Mereka terus menonton artis lokal Paul Oshen dengan ciri khasnya sedang menghibur para pengila reggae yang hadir. Asik menonton sudah pukul 9, bagi Olipa jam 9 adalah berbahaya. Olipa ajak pulang ke rumah, mereka pulang dan sementara pulang, pria bertato, teman dekat Leo tadi, tiba-tiba minta kenalan sama Lince. Lince terima Niko dan mereka saling tukar nomor handphone. Lince kagum sebab Niko punya motor besar yang bagus. Besoknya Lince dan Niko sudah berkominunikasi selakyaknya pacar. Di kampus, Lince bertanya pada Leo tentang Niko tapi Leo tidak jujur sama Lince kalau Niko sudah punya pacar dan punya anak satu dari pacar pertamanya. Lince sudah percaya kalau Niko tidak punya pacar.

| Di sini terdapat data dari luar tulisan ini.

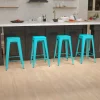 Flash Furniture 30" High Metal Indoor Stackable Bar Stool, Teal, PK4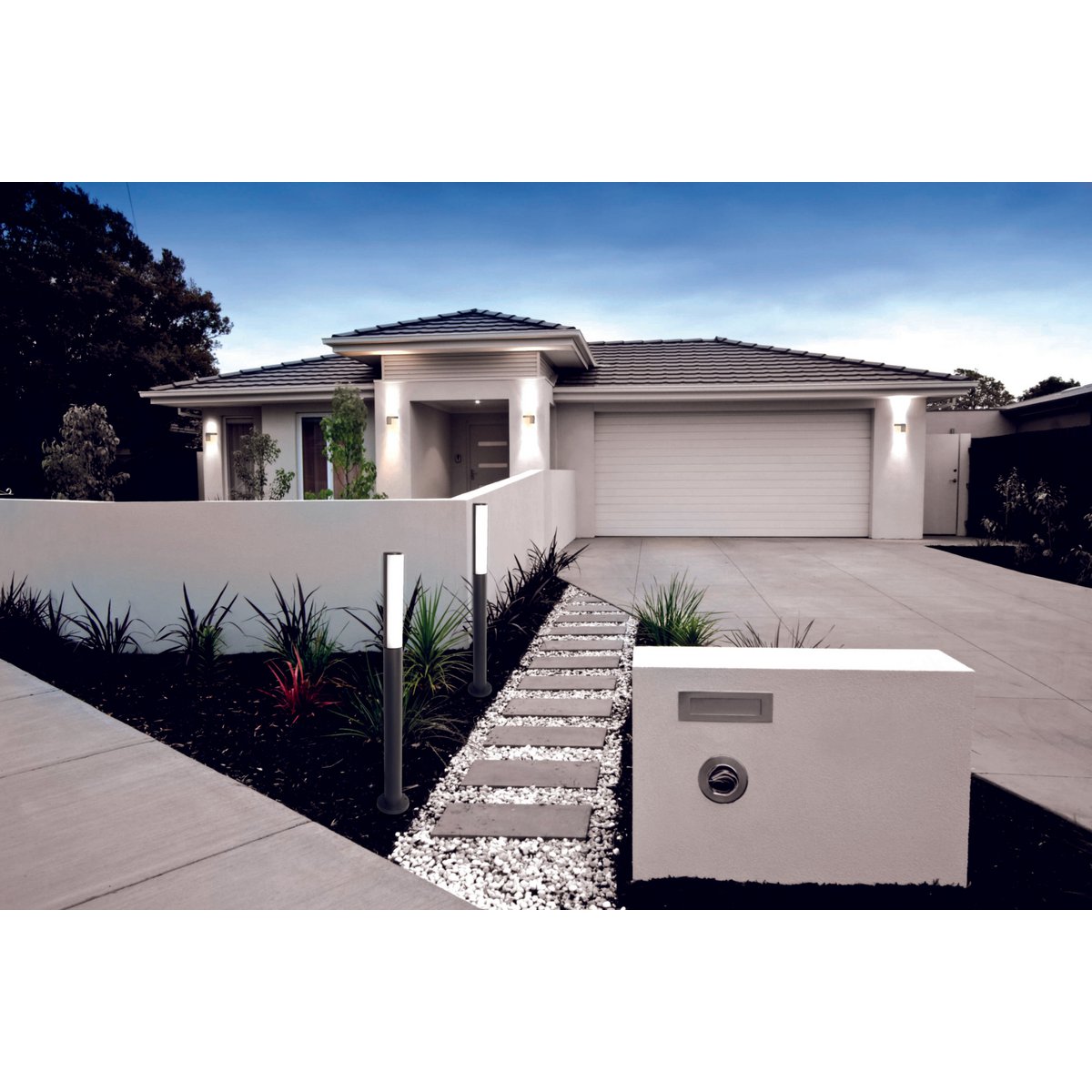 LED buitenlampen "flair" gemaakt van metaal en plastic in antraciet, met geïntegreerde LED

Dua minggu kemudian Niko jemput Lince di kampusnya setelah berkali-kali mereka berkomunikasi lewat udara dengan telfon. Siang hari Olipa dan Lince makan siang di kos;
Lince: ”Olipa, bentar saya punya pacar jemput saya, kami dua mau jalan-jalan,” (sambil makan)
Olipa: ”Io ka, hati-hati Lince, kita dari Biak ke Jayapura untuk kuliah,” (tegas Olipa )
Lince: ”Io saya tau, yang penting mengerti saya, jangan bilang bapa dengan mama kalau dong tanya,” (balasnya)
Olipa: ”aduhh… Lince, sungguh, saya tidak bisa tipu,” (balas dengan sedikit kesal)
Lince: ”ah…. sudah Olipa, baku gerti saja, kita kan sudah lama dari kecil,” (jelasnya sedikit tegas)
Olipa: ”Maaf Lince, kalau ortu dong tanya pasti saya bilang karena saya tidak bisa tipu orang tua,” (dengan mohon)
Lince: ”Io, terserah kamu saja,” (balasnya dengan sedikit kesal)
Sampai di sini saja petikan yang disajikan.